**What you will do:** Retype, exactly and with both ends included, the lines below from the one containing "საკრებულოს სხდომა დატოვეს" through the end; omit the pictures.

**Caption-style text data:**
==================================================
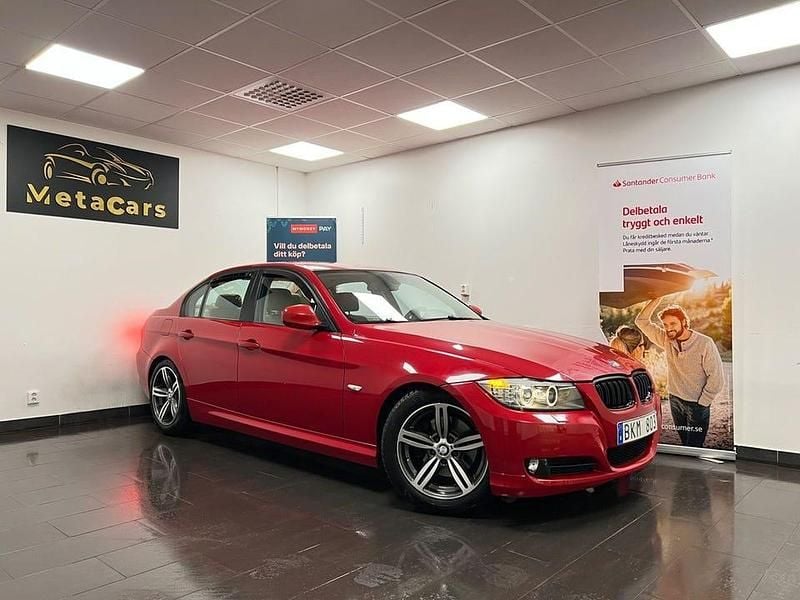 Röd Begagnad 2009 BMW 320 Comfort Edition Sedan | 64 900 kr (Marknadspris) - Bild 1/4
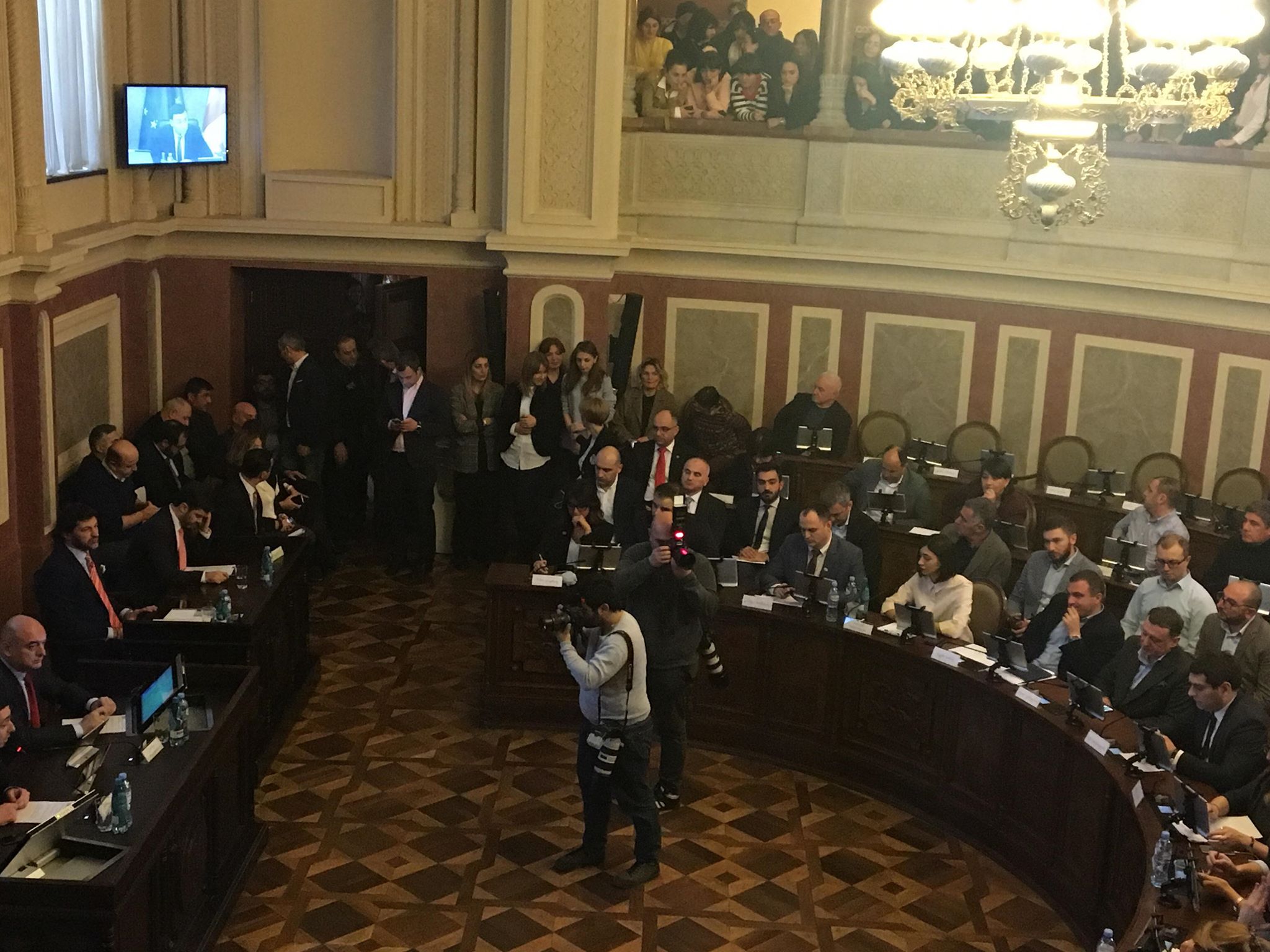 ფრაქცია „ნაციონალური მოძრაობის“ წევრებმა თბილისის საკრებულოს სხდომა დატოვეს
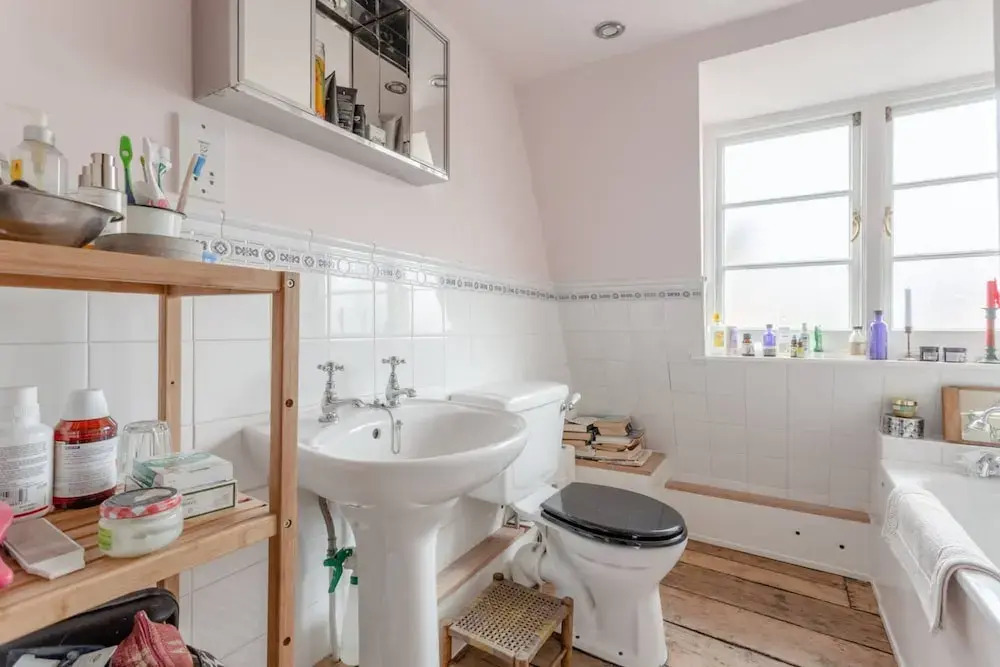 Spacious and Colourful 2 Bedroom Flat in Lambeth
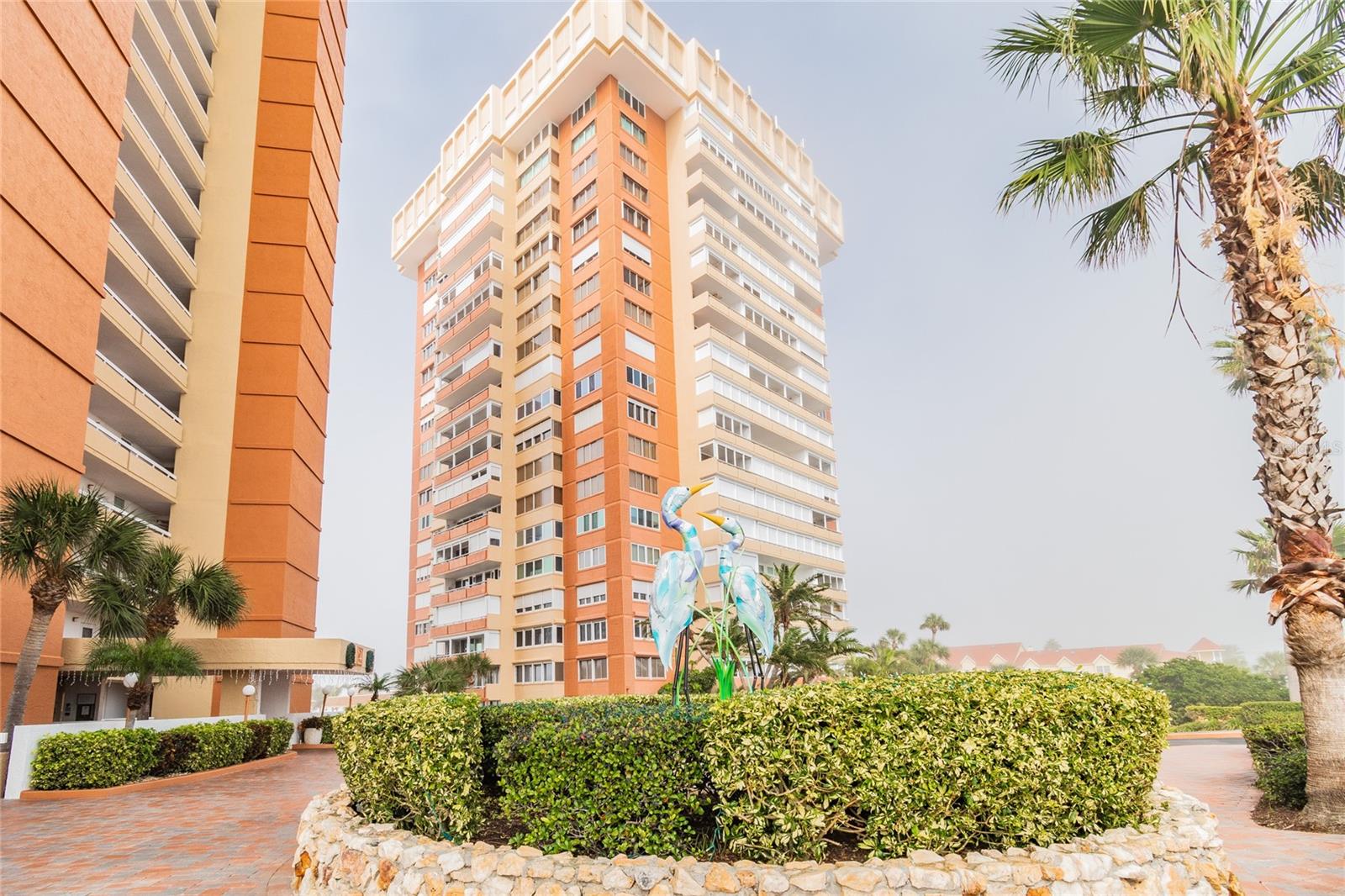 REDINGTON TOWERS BLDG 2 CONDO - Residential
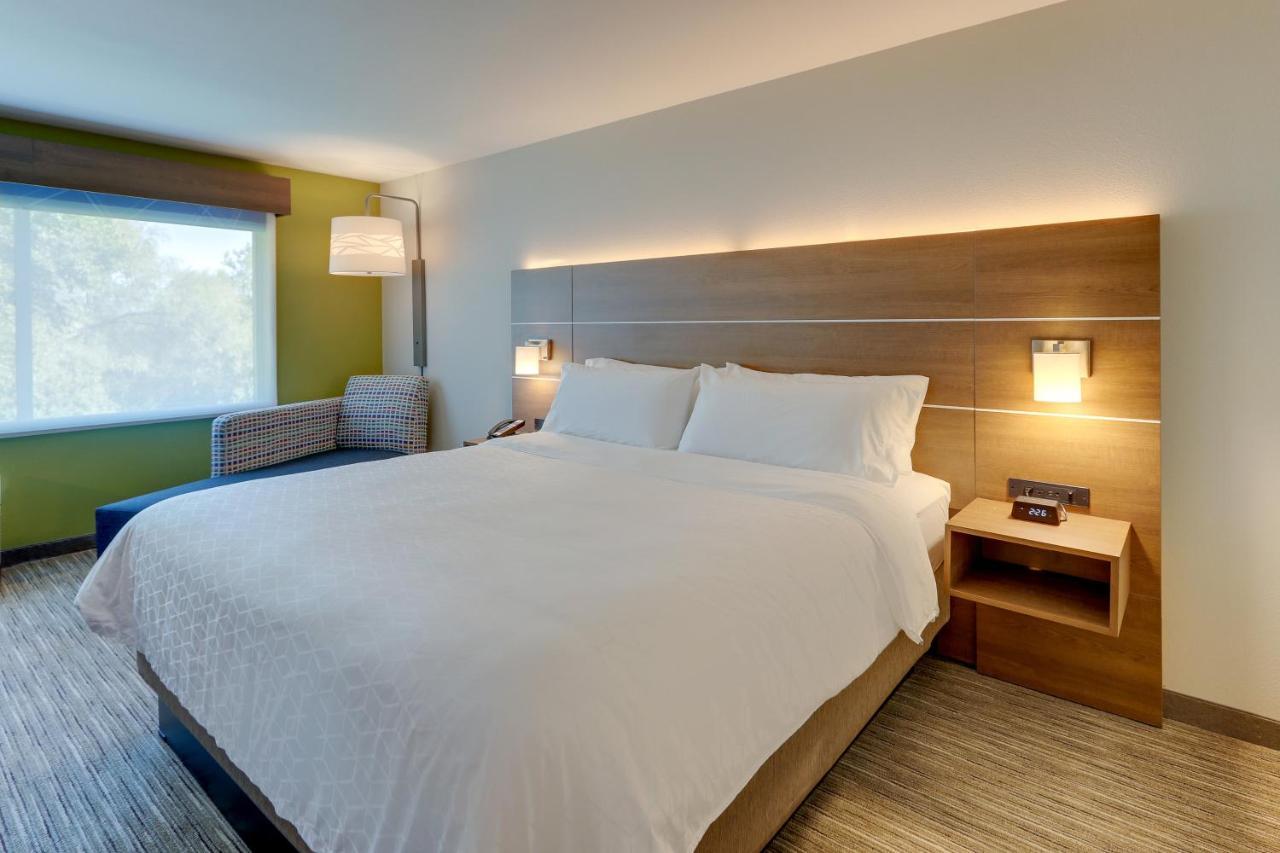 Holiday Inn Express & Suites - Roanoke - Civic Center Exteriör bild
==================================================
**Answer space:**
 ფრაქცია „ნაციონალური მოძრაობის“ წევრებმა თბილისის საკრებულოს სხდომა დატოვეს
 Spacious and Colourful 2 Bedroom Flat in Lambeth
 REDINGTON TOWERS BLDG 2 CONDO - Residential
 Holiday Inn Express & Suites - Roanoke - Civic Center Exteriör bild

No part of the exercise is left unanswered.